Cloudina - how one of the first animals built an ancient reef

Tiny microscopic creatures created a reef 548 million years ago, and this ancient structure is the oldest-known feature of its kind in the world. Constructions like these are similar to modern coral reefs. However, this structure is 18 million years older than any other in the world. It is found in Namibia, and is now located on dry ground.

Cloudina, the animals that created this feature look like stacked ice cream cones. The miniscule creatures were filter-feeders and were the first known life form to possess hard shells. Researchers speculate that the ancient animals were first developing the ability to form shells and create reefs. Evolution favored both traits because of harsh environmental conditions on Earth at that time.

Discovery of this reef revealed important changes were happening in lifeforms millions of years before the Cambrian explosion 542 million years ago. Most major forms and body shapes of animals burst into existence during a period of 10 million years. Archeologists believe that before the rapid burst in the number of species, all animals had soft bodies. Development of biomineralisation - the ability to create rigid structures - led to a great increase in the biodiversity of the oceans.

The Ediacaran Period, during which Cloudina lived, was a highly-unusual period in the history of life on Earth. Before that time, life consisted largely of bacteria and green algae. Large life forms suddenly become prevalent at this point in the fossil record, the so-called Ediacara biota. These were the first animals in the waters of the planet.

Natural reefs are created through sedementation of rock and erosion. Cloudina secreted a cement-like substance, rich in calcium carbonate, that could bind the creatures together. They latched on to one another in ancient seas, long since vanished.

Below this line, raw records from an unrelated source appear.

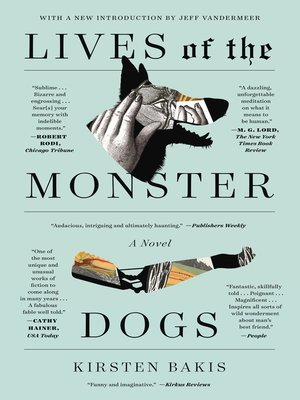 lucy_nield1's tweet photo. Today on @ariadnesthrd I review @kirstenbakis 'Lives of the Monster Dogs.' A beautiful, steampunk-esc novel focusing on the liminal and impossible space that dogs inhabit, something that is between human and dog.

#dogs #scifi #ss #bookreview #review

https://t.co/0LVwheJyWW https://t.co/5MZ1N6Ffl8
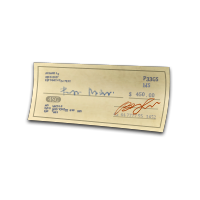 Cheque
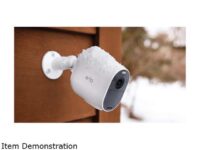 Arlo Essential Spotlight Camera (3-Pack)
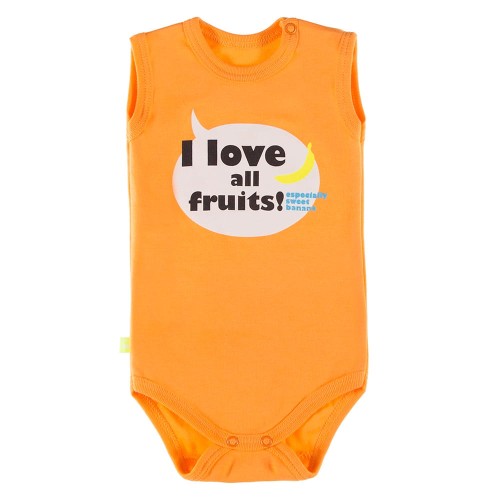 SUN Trägerbody orange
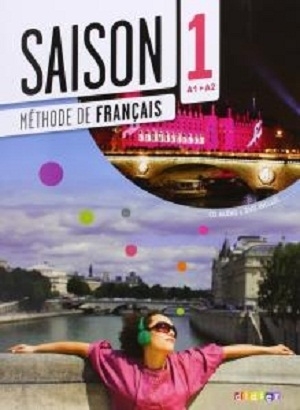 کتاب فرانسه سزون Saison niveau 1 A1/A2 - livre de l'eleve + cahier + dvd
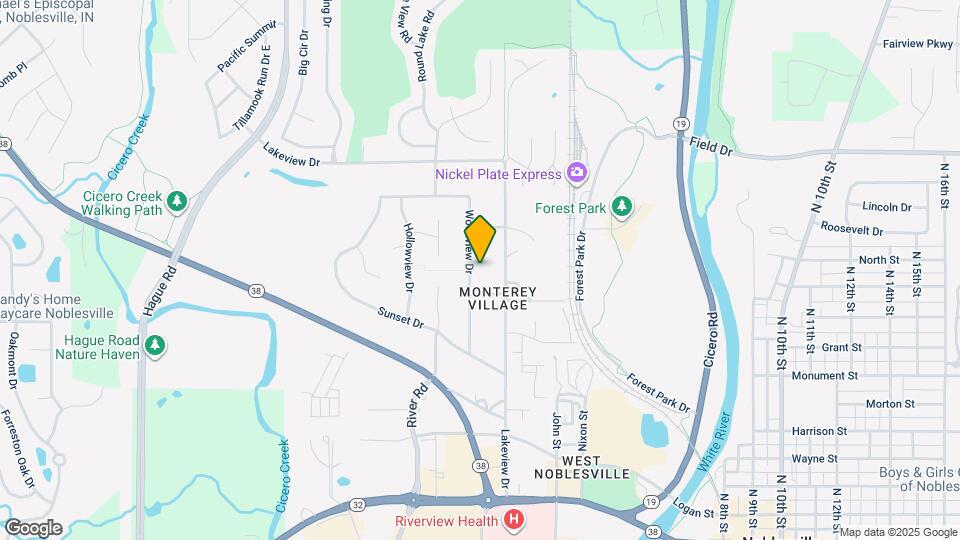 432 Woodview Dr Map and Location Details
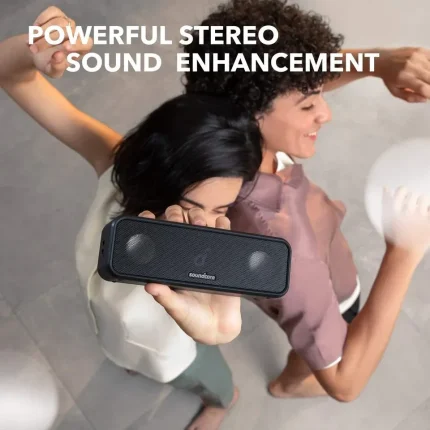 Anker soundcore 3 Bluetooth Speaker With Stereo Sound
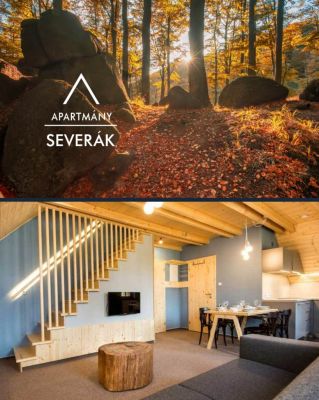 Apartmány Severák Smrk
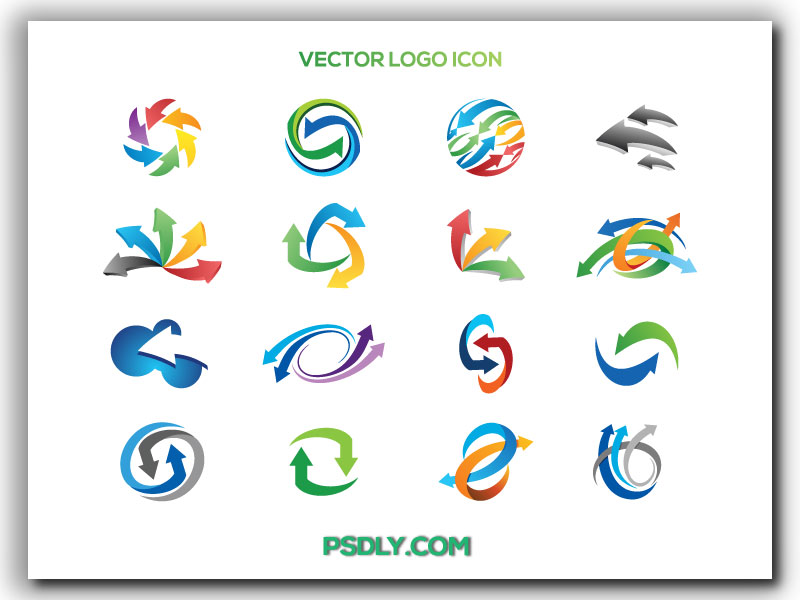 Arrow Logo Icon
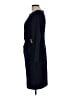 DKNY Solid Blue Cocktail Dress Size 12 - photo 5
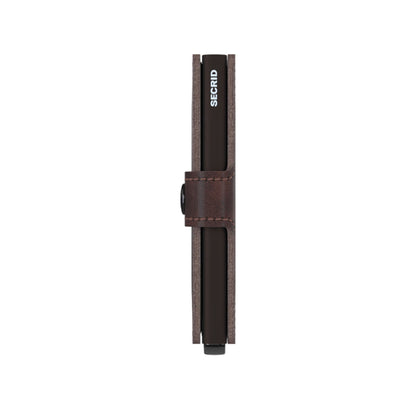 Secrid Portafogli MV-CHOCCOLATE - Marylou Shop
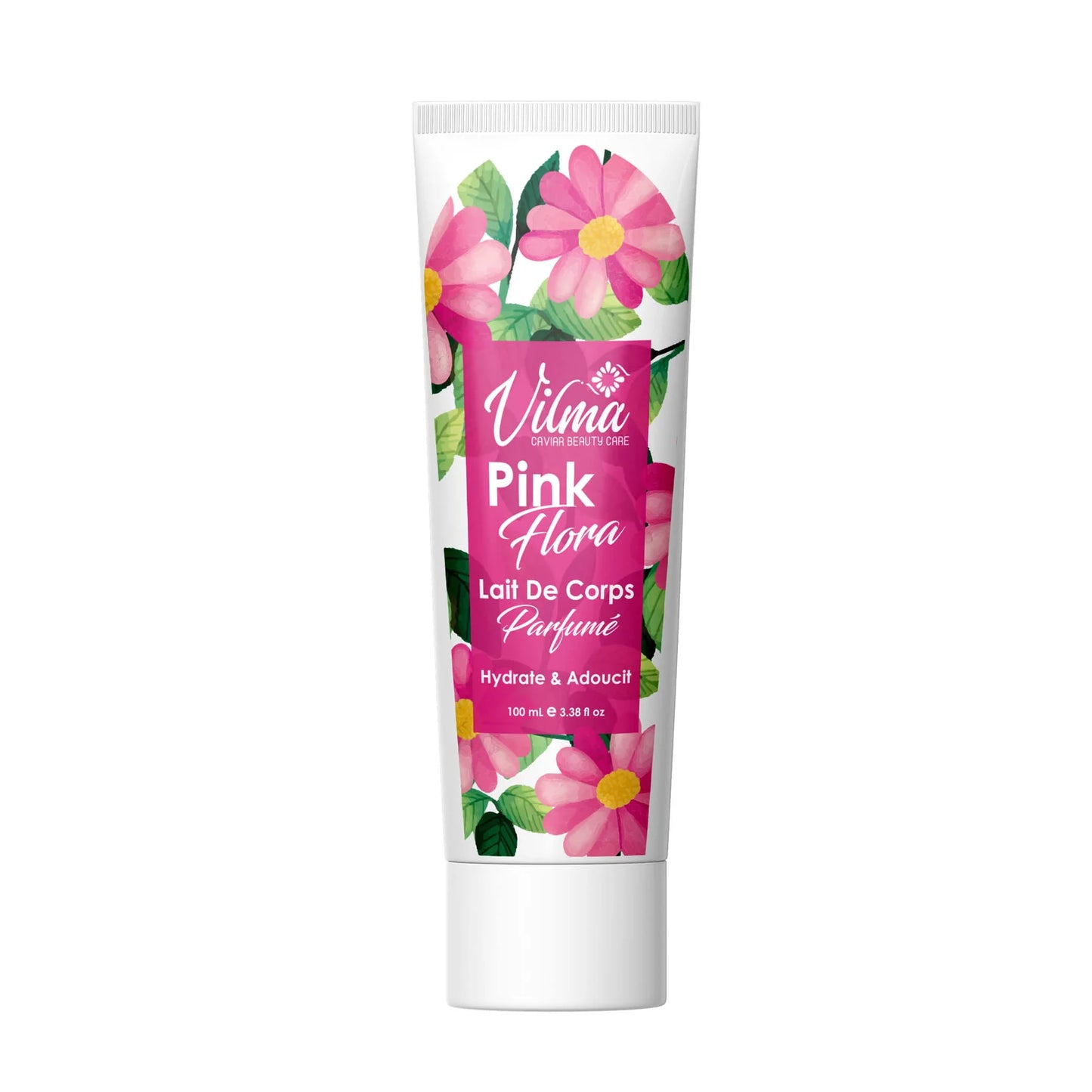 lait de corps parfumé Pink flora (gucci flora parfum)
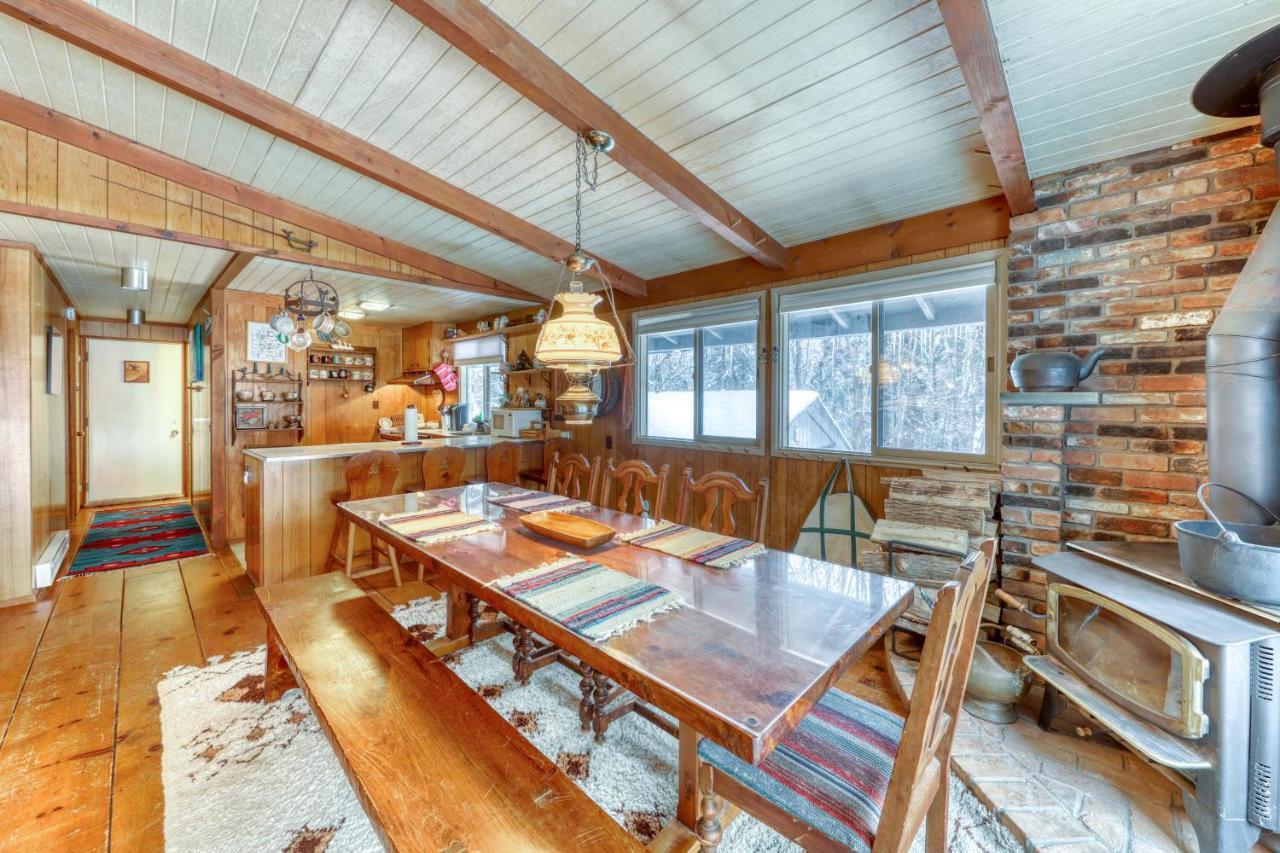 Mount Snow Chalet West Dover Bagian luar foto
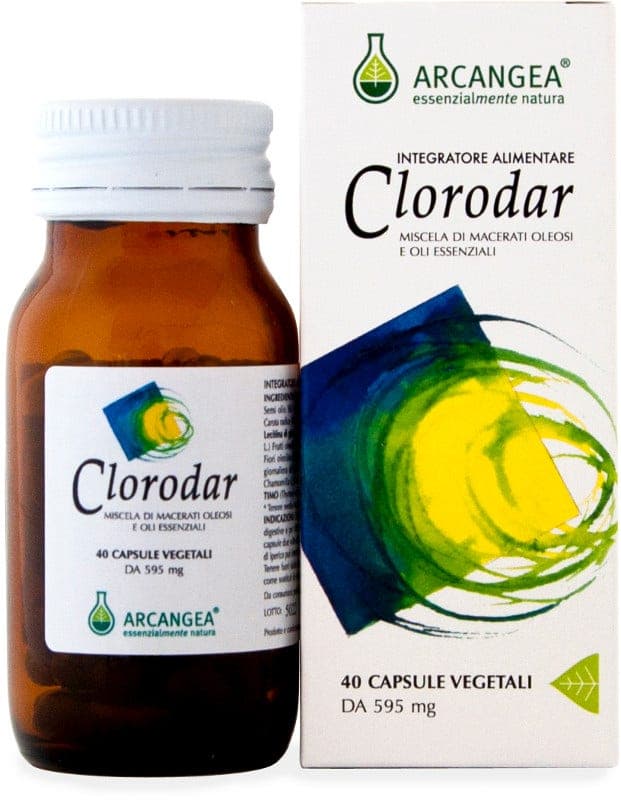 Clorodar Arcangea Iperico – 100 capsule vegetali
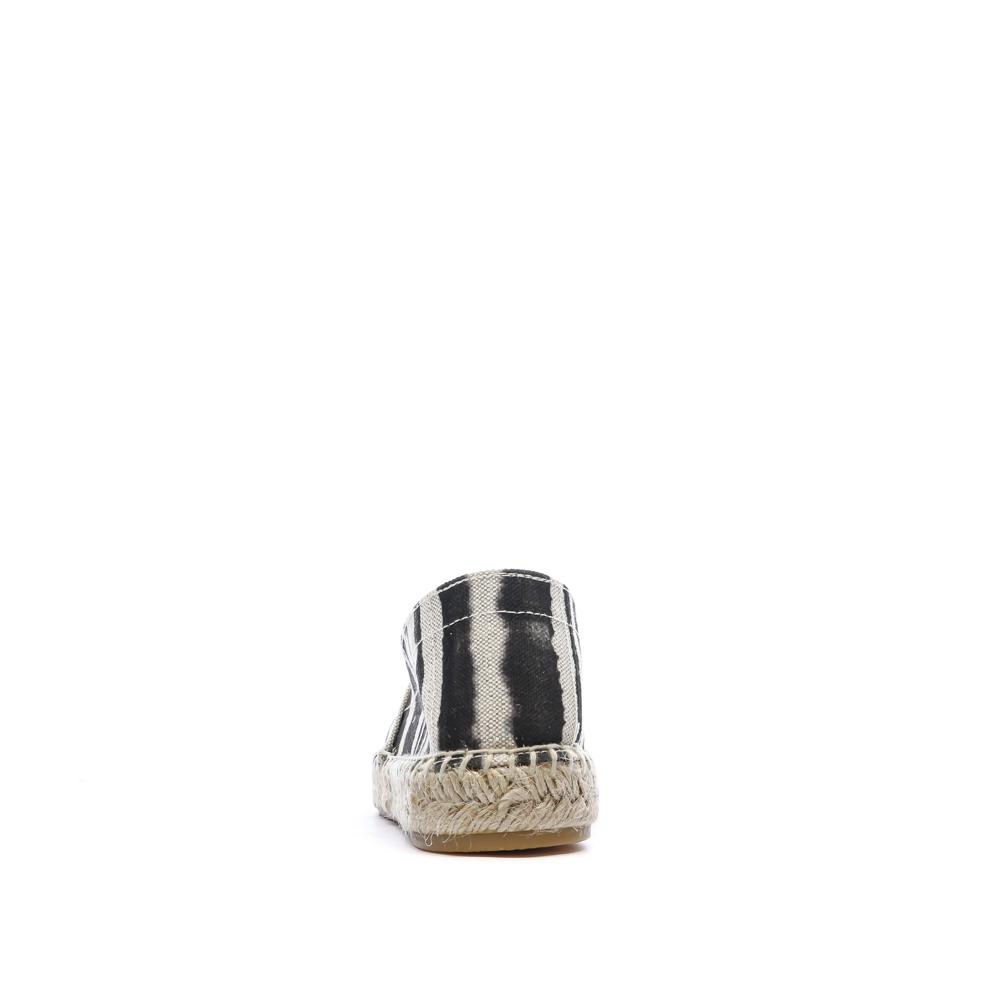 Espadrilles Noir Tie & Dye Femme Pare Gabia Anaia vue 3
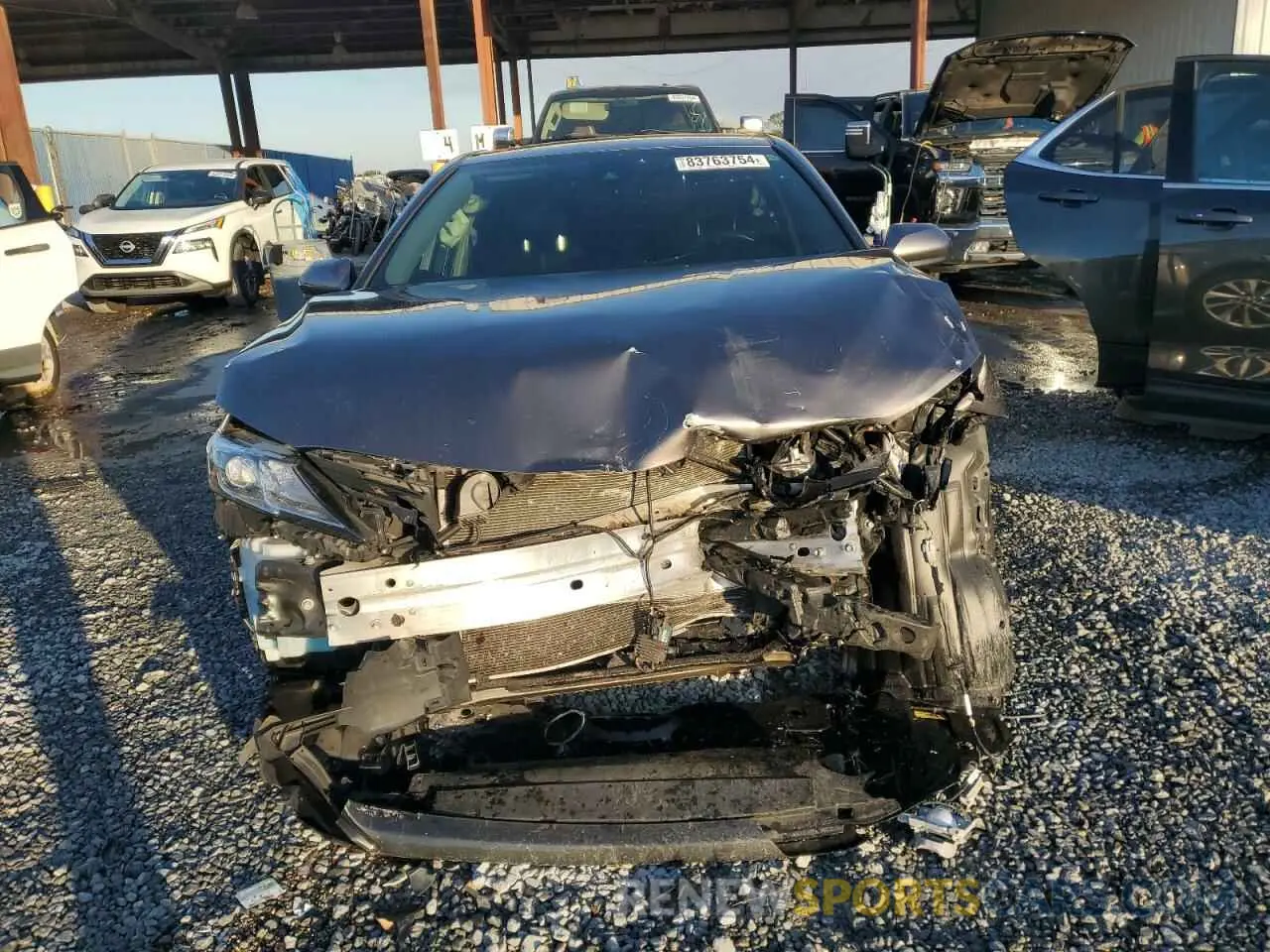 5 Photograph of a damaged car 4T1C11AK6MU590361 TOYOTA CAMRY 2021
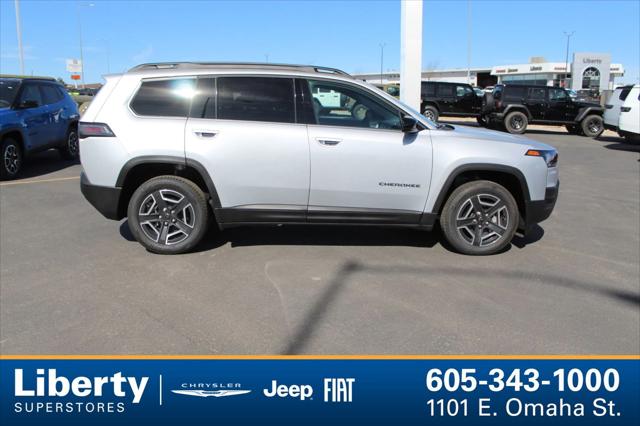 2026 Jeep Cherokee CHEROKEE LIMITED 4X4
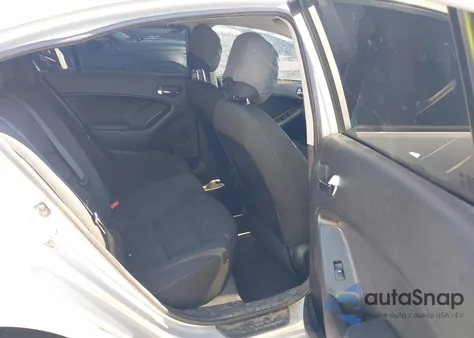 2016 Kia Forte Lx z USA, uszkodzony, nr VIN KNAFK4A6XG5516049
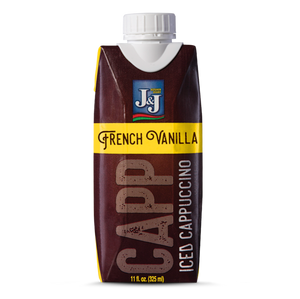 J&J, Iced Cappuccino French Vanilla 11 Oz
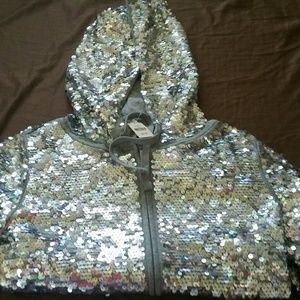 Victoria Secret Pink Fashion Show Sequin Hoodie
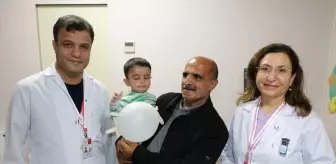 Van'da kalbi yarım doğan bebek, İstanbul'da uygulanan tedaviyle hayata tutundu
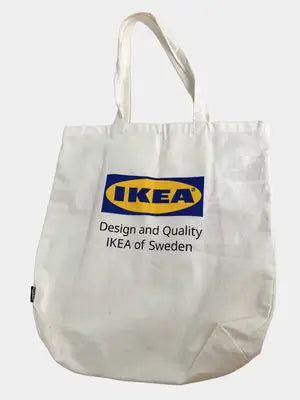 IKEA/イケア/トートバッグ/バッグ/ホワイト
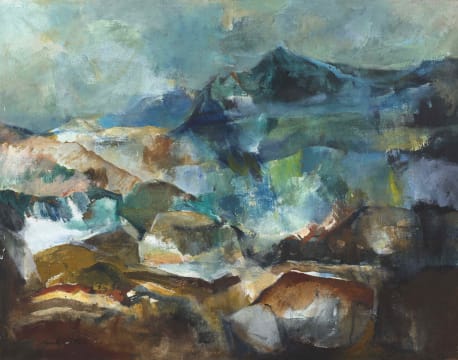 Paul du Toit; Kaapse Landskap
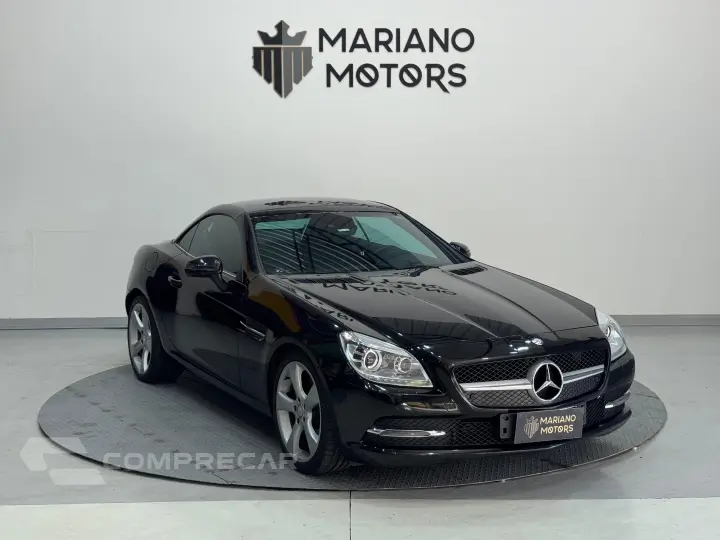 SLK 250 1.8 CGI 16V TURBO GASOLINA 2P AUTOMÁTICO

"We have found that animals were building reefs even before the evolution of complex animal life, suggesting that there must have been selective pressures in the Precambrian Period that we have yet to understand," Rachel Wood of the University of Edinburgh, said.

Previous studies suggested environmental pressures could have driven the great rise in the number of species in the Cambrian Explosion. This new research on an ancient reef could lend evidence to the theory.

Predators, roaming the seas for the first time in the history of the planet, could have provided an environmental pressure driving construction of the reef. The structures might have also allowed the life forms access to nutrient-rich waters, as competition for sustenance was becoming more common.

Study of the ancient reef and evolutionary pressures on one the world's earliest animals was published in the journal Science.